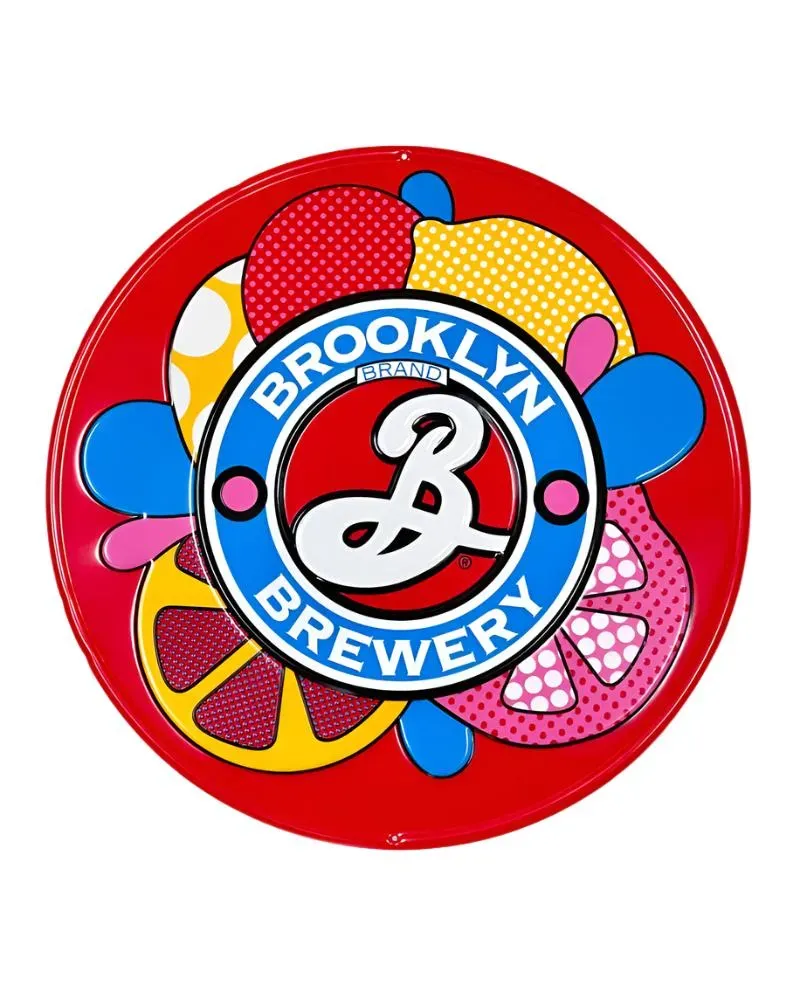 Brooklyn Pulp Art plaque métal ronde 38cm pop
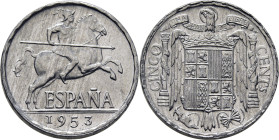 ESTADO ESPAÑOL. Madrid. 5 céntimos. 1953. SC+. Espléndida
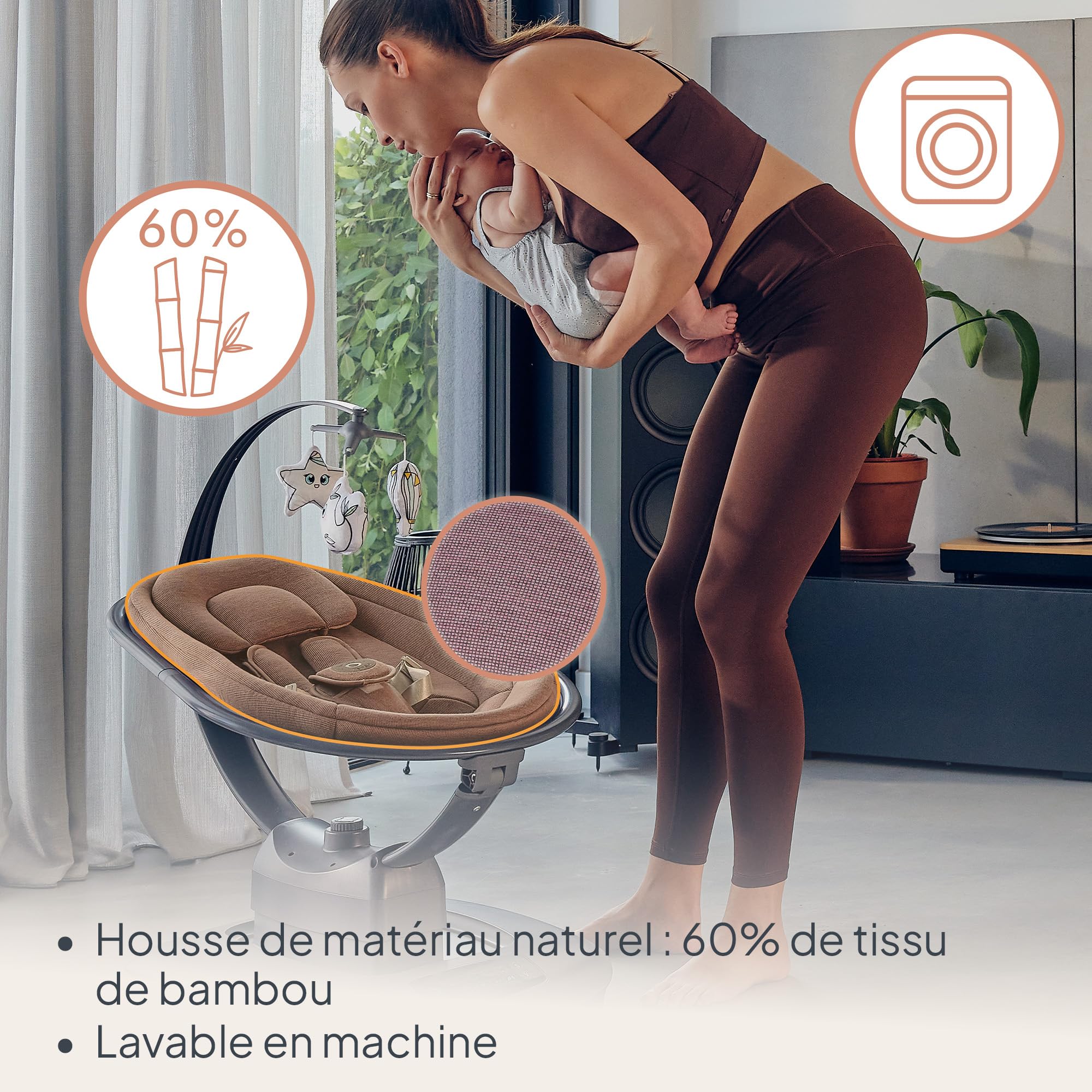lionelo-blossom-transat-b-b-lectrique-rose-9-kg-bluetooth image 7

◆ **Assignment**:
What is needed is the listing above, repeated verbatim, without its images.

◆ **Answer for the task**:
 Brooklyn Pulp Art plaque métal ronde 38cm pop
 ESTADO ESPAÑOL. Madrid. 5 céntimos. 1953. SC+. Espléndida
lionelo-blossom-transat-b-b-lectrique-rose-9-kg-bluetooth image 7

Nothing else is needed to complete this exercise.